Overview
There can be no doubt about it: Palazzo Farnese is massive from the outside. But on entering the courtyard, the imposing volume of the building makes way for a series of archways, porticoes and superimpositions that lighten the effect of this massive structure. You can see here the hand of a great architect, Jacopo Barozzi or "Il Vignola", who worked to give the Farnese family, among many other buildings, an even more remarkable palace in the family seat at Caprarola. Despite all this elegance, the Piacenza palace cannot be considered to be complete.
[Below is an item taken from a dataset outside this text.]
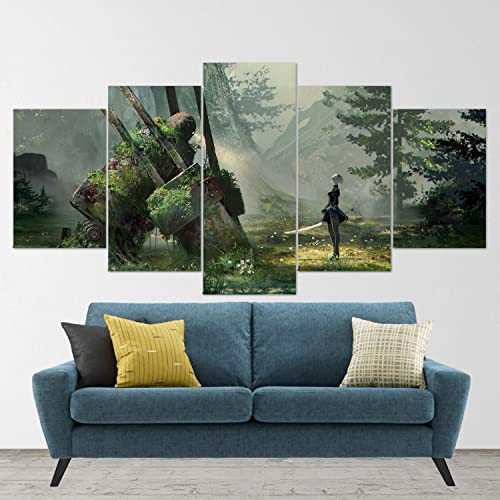 Nier Automata 2B Handmade 5-Piece Canvas Wall Art Set - Anime Video Game Poster for Living Room Decor - Large Multi Panel Canvas Painting - Perfect Gift for Gamers & Anime Fans (Medium Size)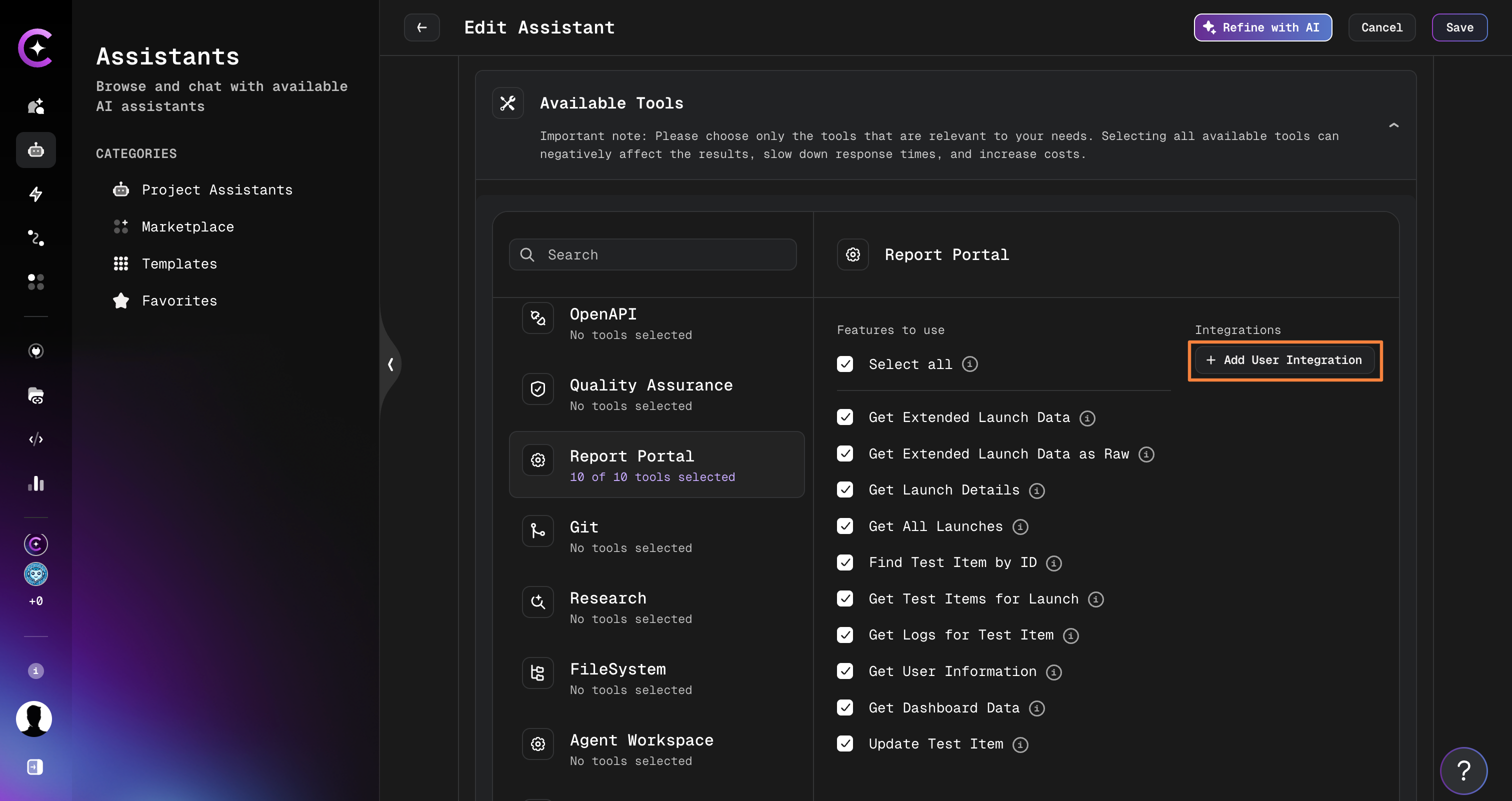 Add user integration from assistant page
A model on display at the Civic Museum of Villa Farnese shows us what the interior of the building was intended to look like. Nor can it be considered lucky, because around 1730 the Farnese duchy of Parma and Piacenza passed to the Bourbons of Spain, who soon after became the rulers of the Two Sicilies, whereupon all the fine furnishings and artworks were transferred permanently to Naples. It was left to the citizens of Piacenza, albeit two centuries later, to restore the dignity and accessibility of the building.
Behind the main body, one can recognise the surviving part of the 14th-century Cittadella Viscontea, to which Palazzo Farnese now appears to be substantially an extension. Not by Vignola, but equally remarkable, is the late 16th-century octagonal ducal chapel on the first floor.